Information supplied:
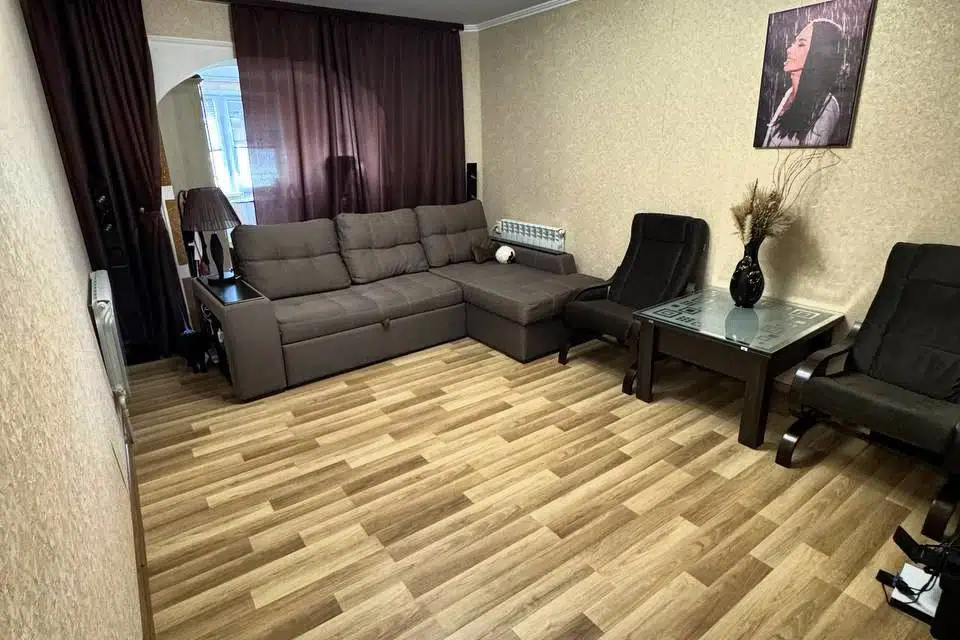 Продаётся 3-комнатная квартира, 79 м²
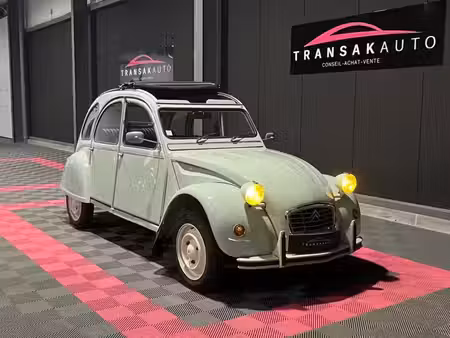 Citroën 2CV 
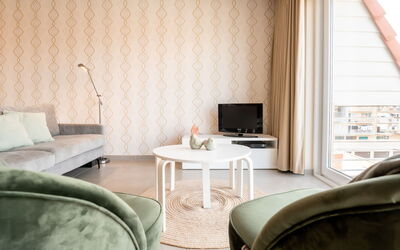 Logement:&nbsp;Zandloper Ii with Balcony 720.1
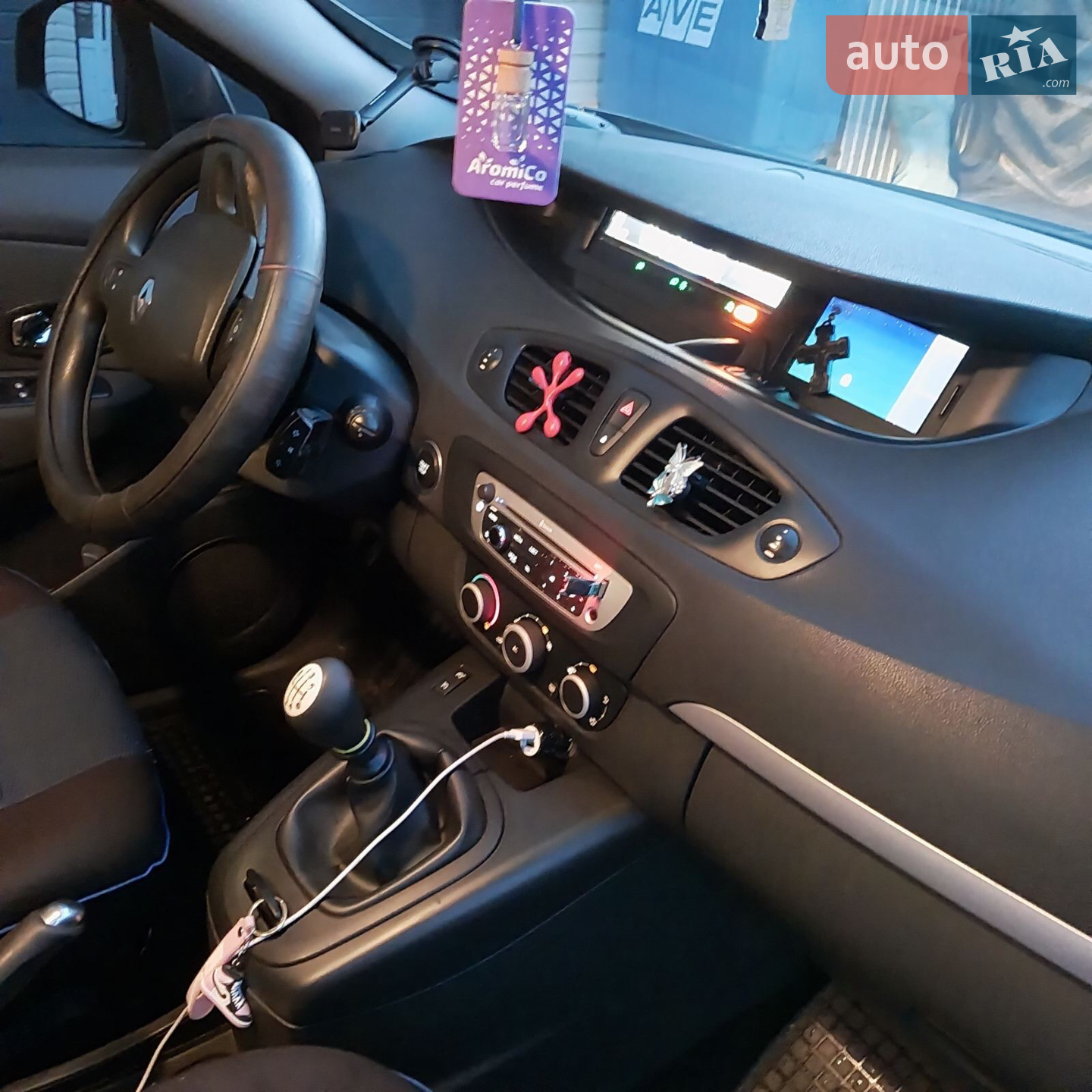 2012 Renault Scenic - мініатюра 7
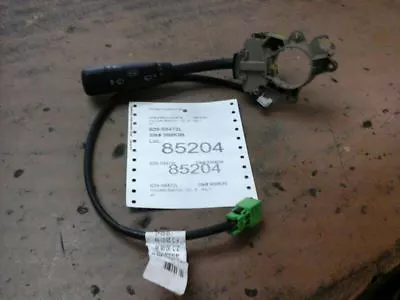 Driver Column Switch 202 Type Turn Signal Fits 98-00 MERCEDES C-CLASS 100177 • $47.58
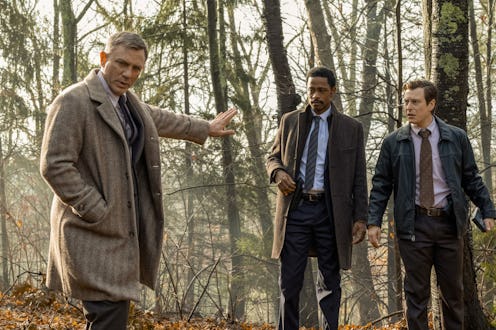 Daniel Craig will reprise his role as Benoit Blanc in the 'Knives Out' sequels. Photo via Lionsgate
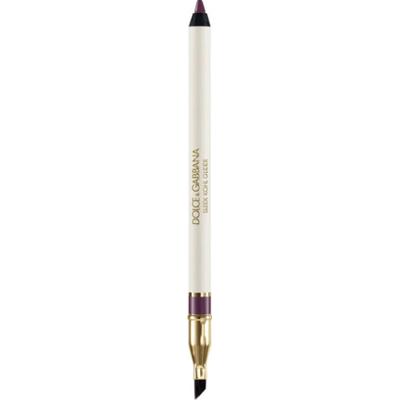 Dolce&Gabbana Classic Sleek Kohl Glider kredka do oczu z pędzelkiem odcień 05 Vibrant Plum - Red Toned Purple 1.2 g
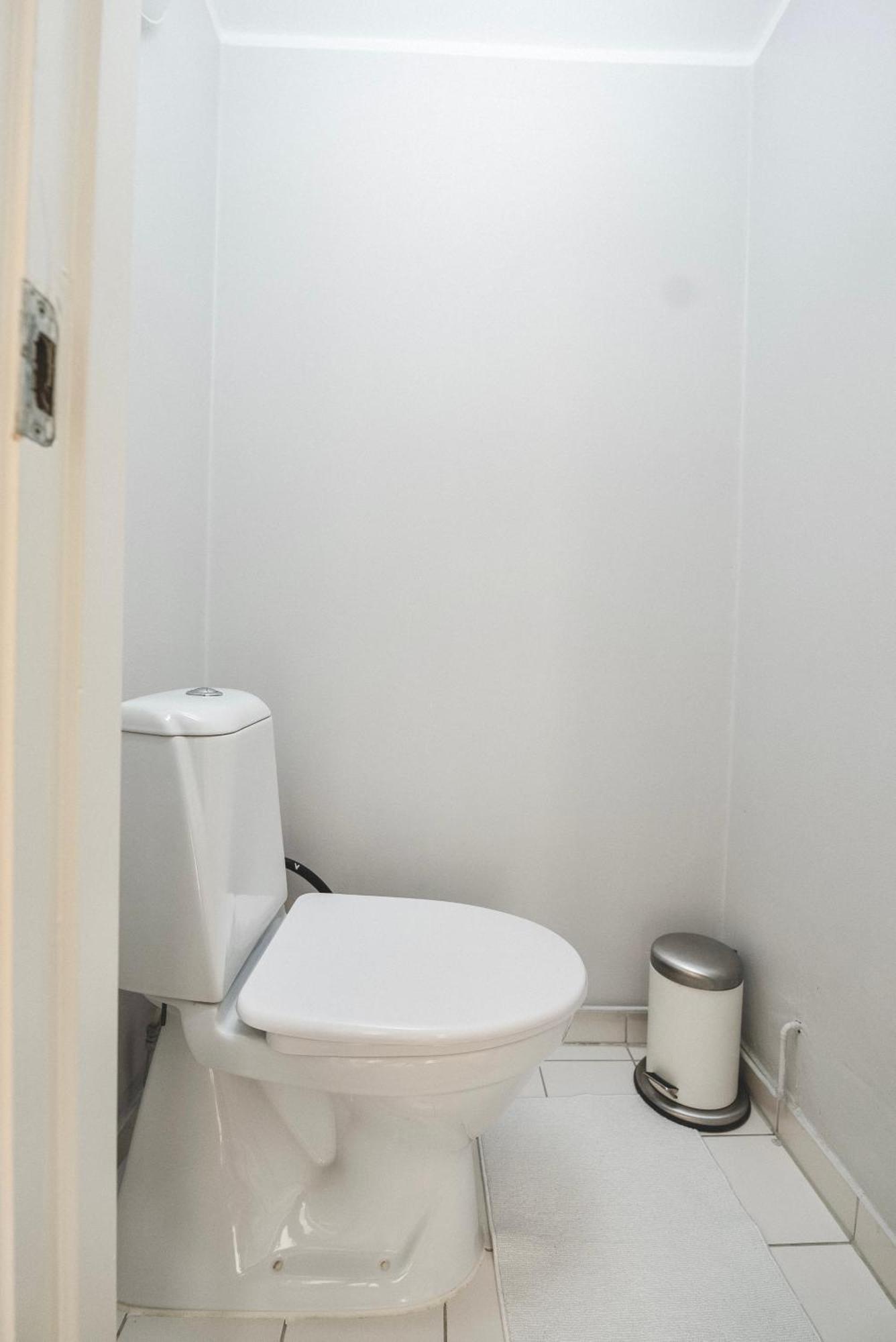 One-Bedroom Apartment In Central Oslo Exteriör bild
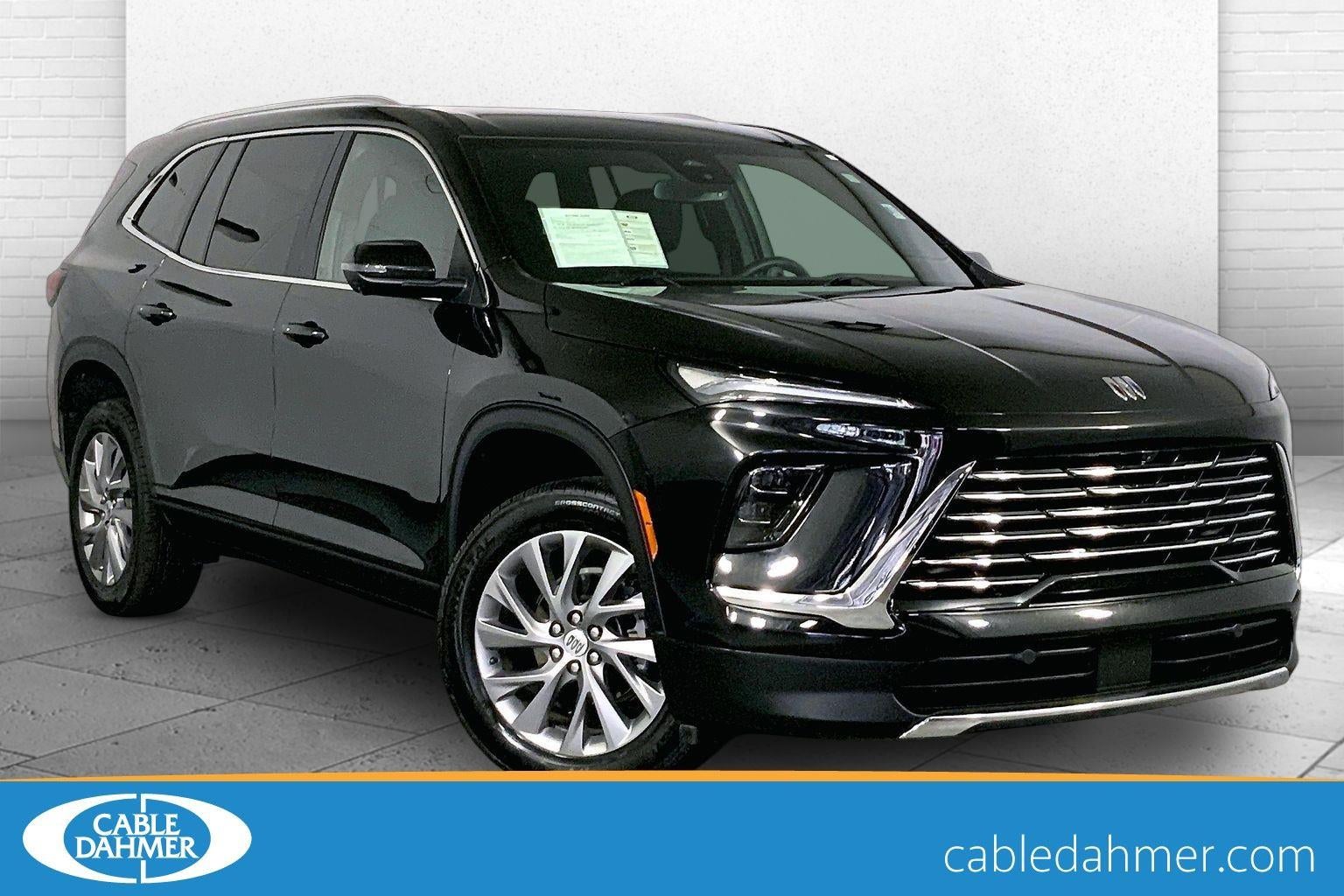2025 Buick Enclave Preferred's photo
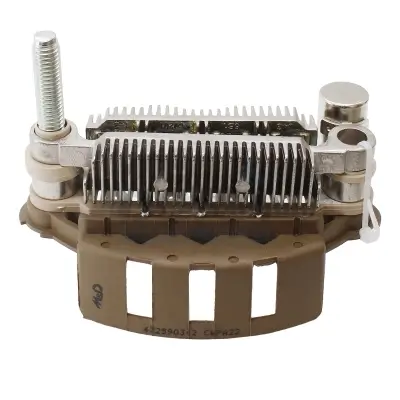 Gleichrichter, Generator 14 V MEAT & DORIA 52345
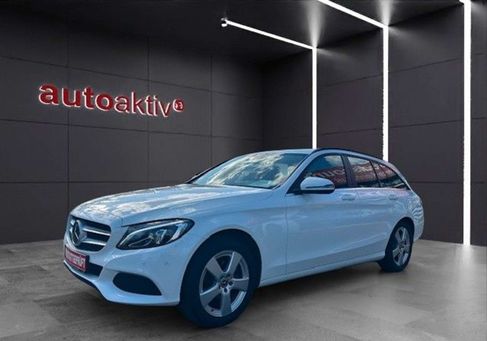 Mercedes-Benz C 220, 2018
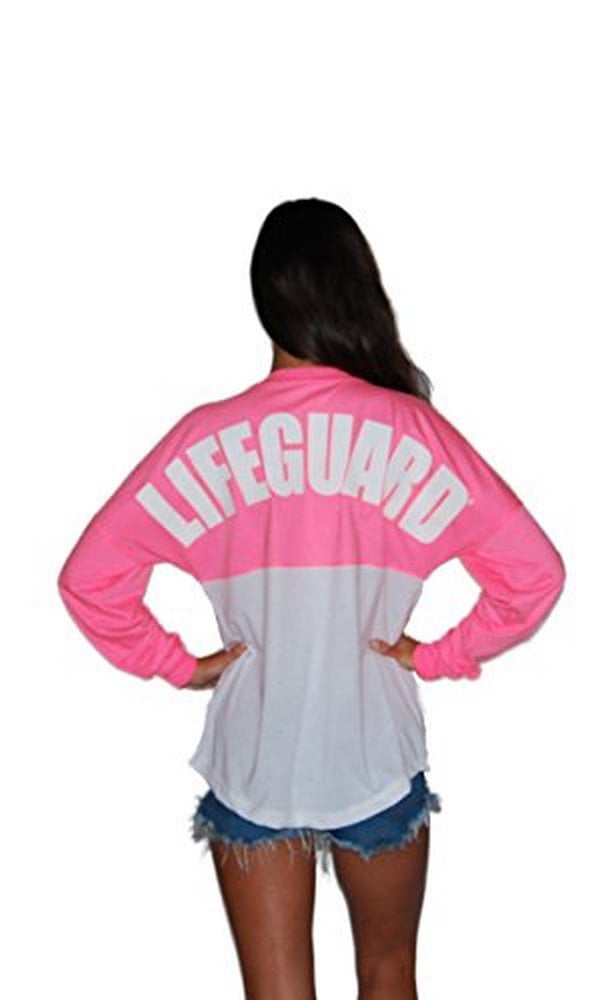 lifeguard shirt in store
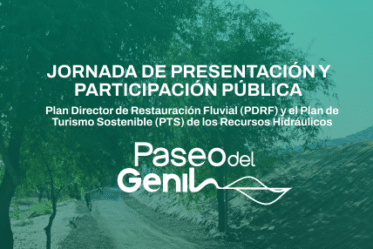 Jornada De Presentacion Y Participacion Publica Del Plan Director De Restauracion Fluvial Pdrf Y Del Plan De Turismo Sostenible De Los Recursos Hidraulicos Pts Loja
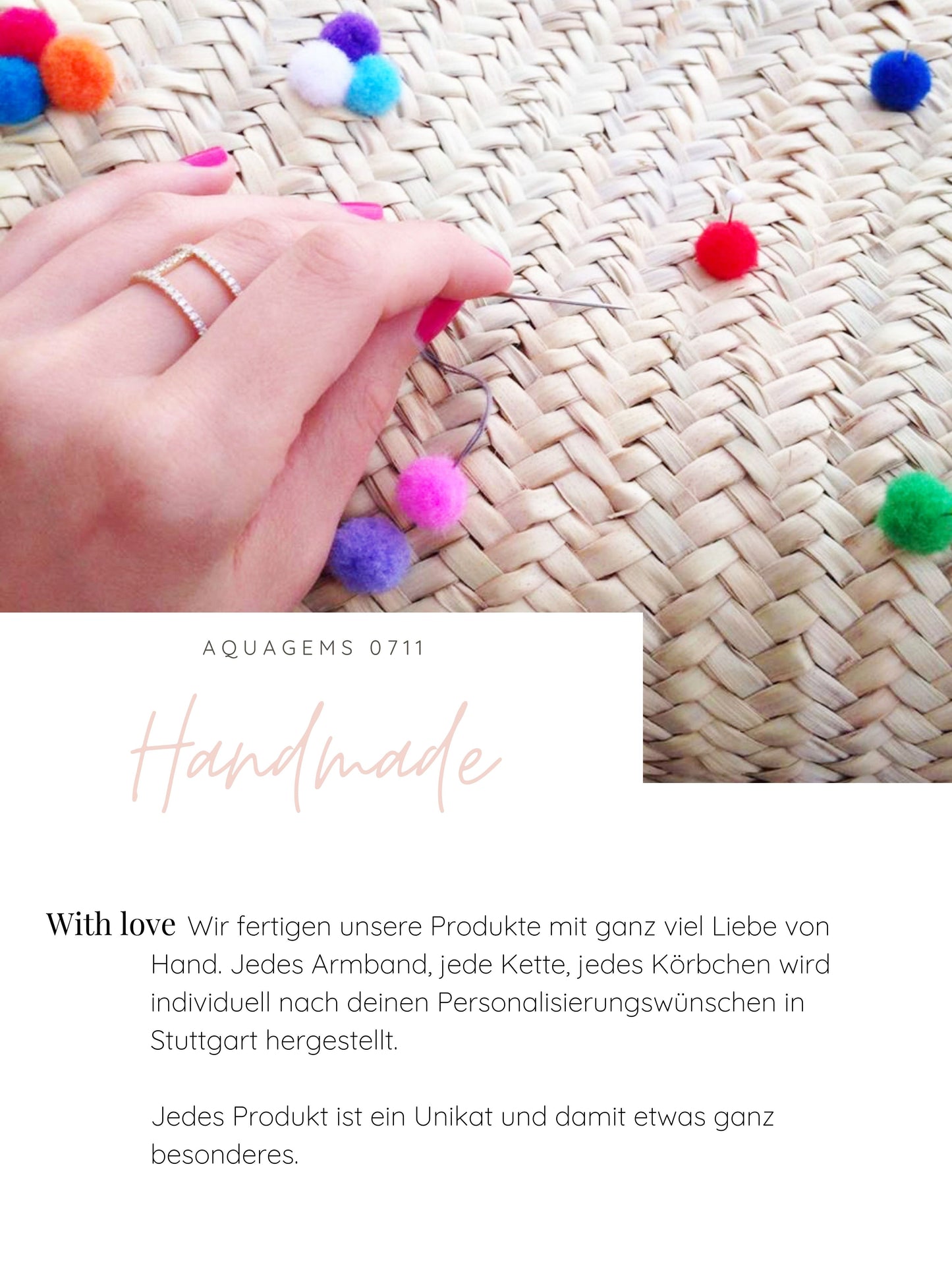 Elastischer Kugel Ring mit Herz 925 Sterlingsilber vergoldet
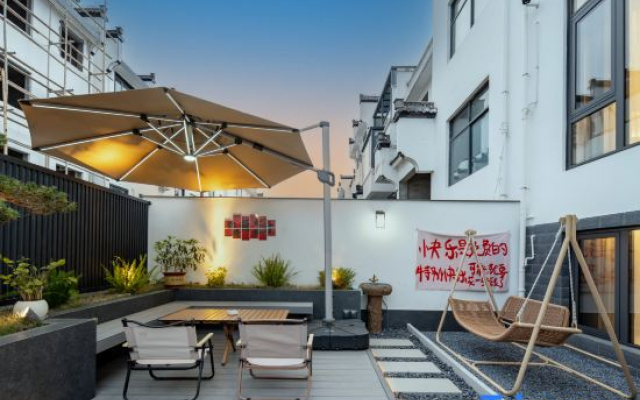 Yingfengdu Homestay (Yudu Bieyuan Villa Area)
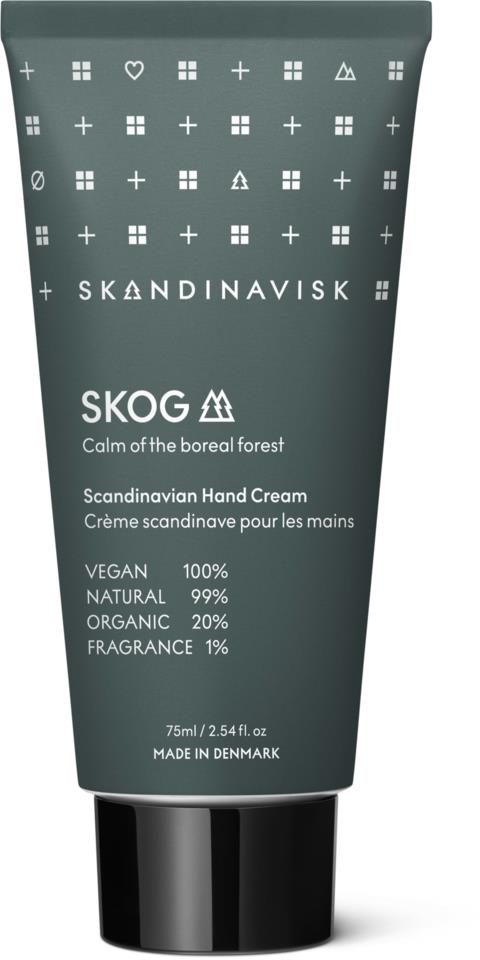SKANDINAVISK SKOG Hand Cream 75ml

Goal of the exercise: Take the lines from the one holding "Elastischer Kugel Ring" through the last line of the data above and copy them exactly, both ends included, omitting all pictures.

Exercise answer:
 Elastischer Kugel Ring mit Herz 925 Sterlingsilber vergoldet
 Yingfengdu Homestay (Yudu Bieyuan Villa Area)
SKANDINAVISK SKOG Hand Cream 75ml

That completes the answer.